Les parties sont tenues de comparaître en personne, dans le cabinet du président, au Palais de Justice, ou dans sa demeure, si cela lui convient, sans pouvoir se faire assister d'avoués ni de conseils. Le magistrat fera aux époux ou à l'un d'eux, si le défendeur ne se présente pas, toutes les représentations qu'il croira propres à opérer un rapprochement; s'il ne peut y parvenir, il

rendra une seconde ordonnance portant: « Qu'attendu qu'il n'a pu concilier les parties, il les renvoie à se pourvoir, sans citation préalable au bureau de conciliation. » Pour comprendre ce dernier membre de phrase, il faut savoir qu'aucune affaire ne peut être portée devant les tribunaux sans qu'il y ait eu, devant le juge de paix, une tentative de conciliation; le texte que nous signalons a pour but de dispenser le demandeur en séparation de corps de cette formalité.

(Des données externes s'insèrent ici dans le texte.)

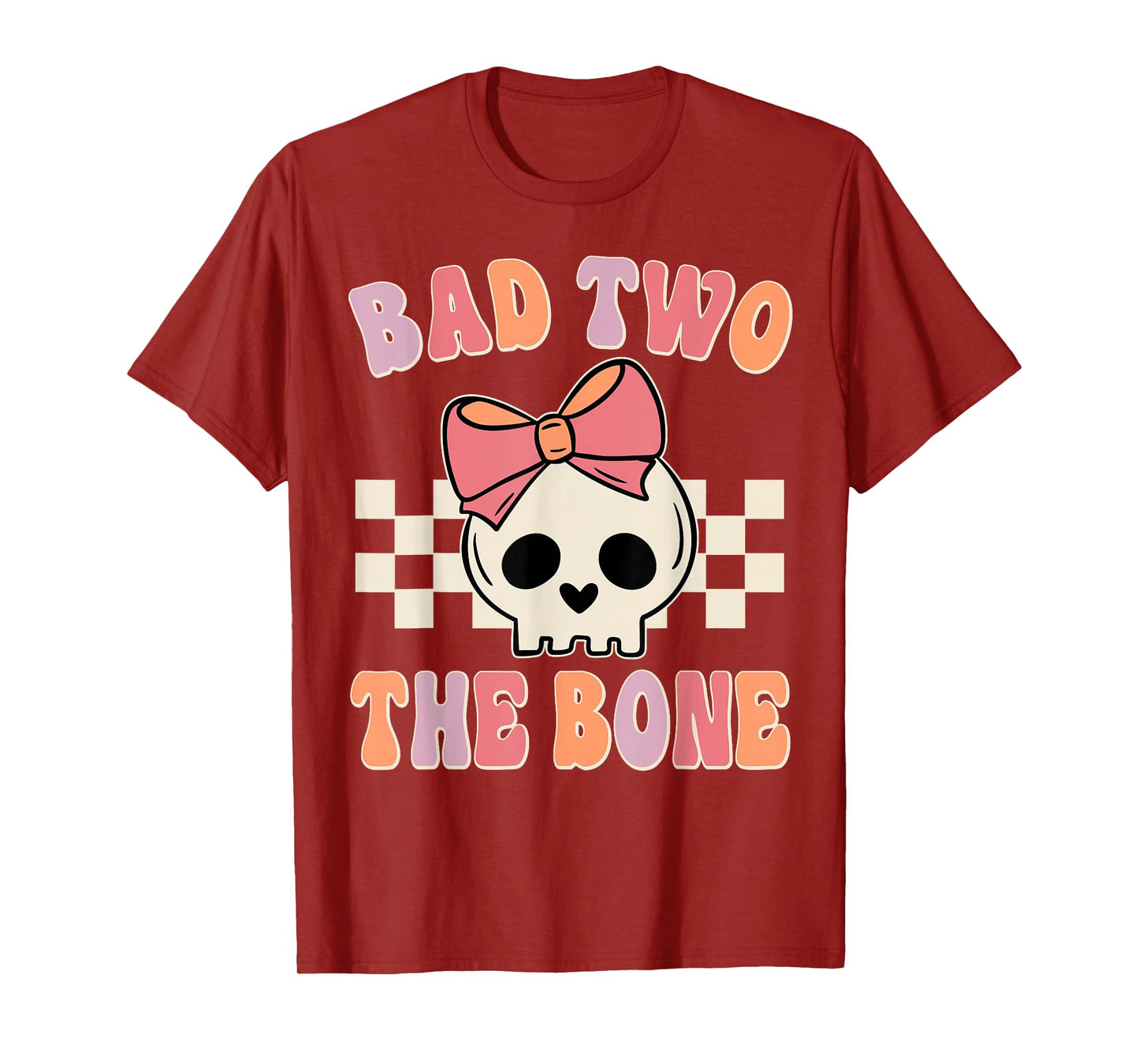 Bad Two the Bone 2nd Birthday 2 Years Old Kid Girl T-Shirt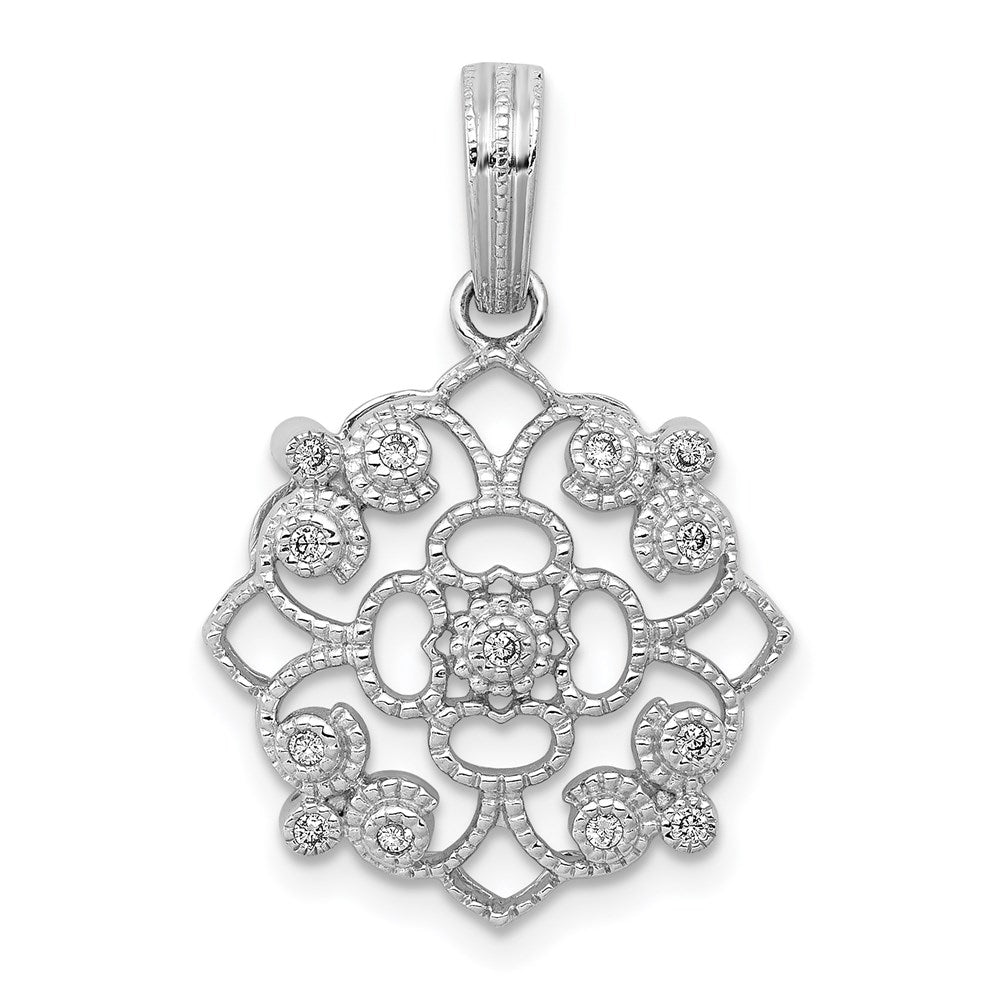 14k white gold fancy 1 15ct real diamond vintage pendant pm5169 008 wa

« Il autorisera par la même ordonnance la femme à procéder sur sa demande (c'est-à-dire à plaider, à suivre son procès) et à se retirer provisoirement dans telle maison dont les parties seront convenues ou qu'il indiquera d'office; il ordonnera que les effets journaliers à l'usage de la femme lui seront remis. » (Art. 878, Code de procédure.)

Si la femme veut changer de résidence pendant le cours de l'instance, elle devra se faire autoriser par le président du tribunal. Et si elle abandonnait, sans l'autorisation de ce magistrat, la résidence qui lui aurait été assignée et sans motif valable, elle pourrait se voir refuser le droit de poursuivre plus loin sa demande et s'entendre déclarer déchue des bénéfices de l'ordonnance rendue en sa faveur.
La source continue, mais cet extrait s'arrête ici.